AVAILABLE DATA:
=== Section Start ===

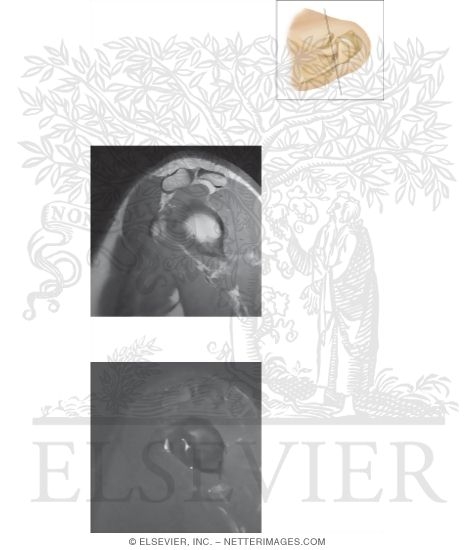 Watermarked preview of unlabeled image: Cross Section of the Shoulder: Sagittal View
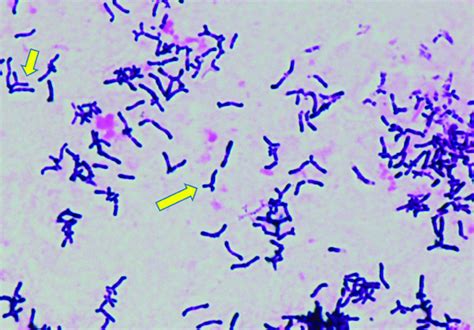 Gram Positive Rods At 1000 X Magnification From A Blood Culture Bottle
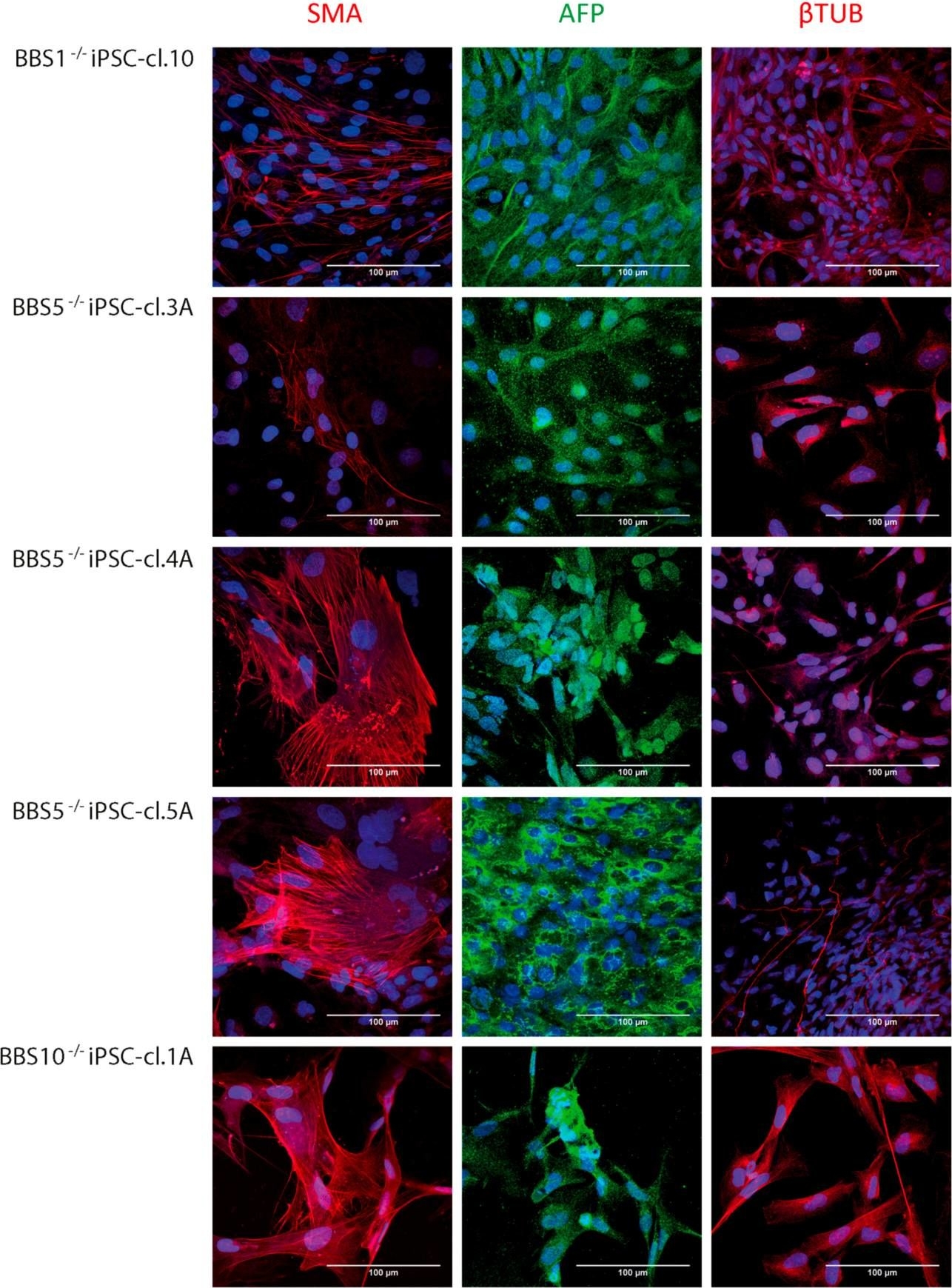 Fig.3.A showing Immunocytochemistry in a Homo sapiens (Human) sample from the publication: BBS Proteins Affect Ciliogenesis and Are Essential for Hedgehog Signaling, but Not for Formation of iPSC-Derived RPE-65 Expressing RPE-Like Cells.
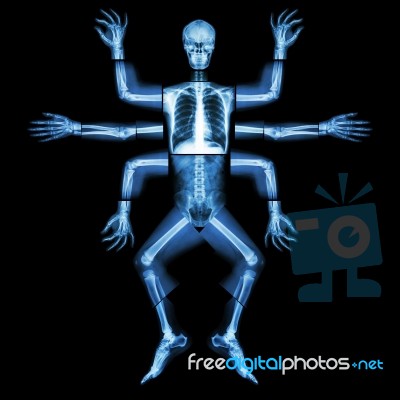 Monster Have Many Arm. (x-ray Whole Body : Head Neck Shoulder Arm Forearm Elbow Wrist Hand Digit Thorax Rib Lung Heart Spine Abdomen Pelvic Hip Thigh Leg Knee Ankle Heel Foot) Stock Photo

=== Section End ===

EXERCISE PROMPT: Copy exactly the lines from the line holding "Gram Positive Rods" to the final line of the listing, and leave the pictures out.

ANSWER SECTION:
 Gram Positive Rods At 1000 X Magnification From A Blood Culture Bottle
 Fig.3.A showing Immunocytochemistry in a Homo sapiens (Human) sample from the publication: BBS Proteins Affect Ciliogenesis and Are Essential for Hedgehog Signaling, but Not for Formation of iPSC-Derived RPE-65 Expressing RPE-Like Cells.
 Monster Have Many Arm. (x-ray Whole Body : Head Neck Shoulder Arm Forearm Elbow Wrist Hand Digit Thorax Rib Lung Heart Spine Abdomen Pelvic Hip Thigh Leg Knee Ankle Heel Foot) Stock Photo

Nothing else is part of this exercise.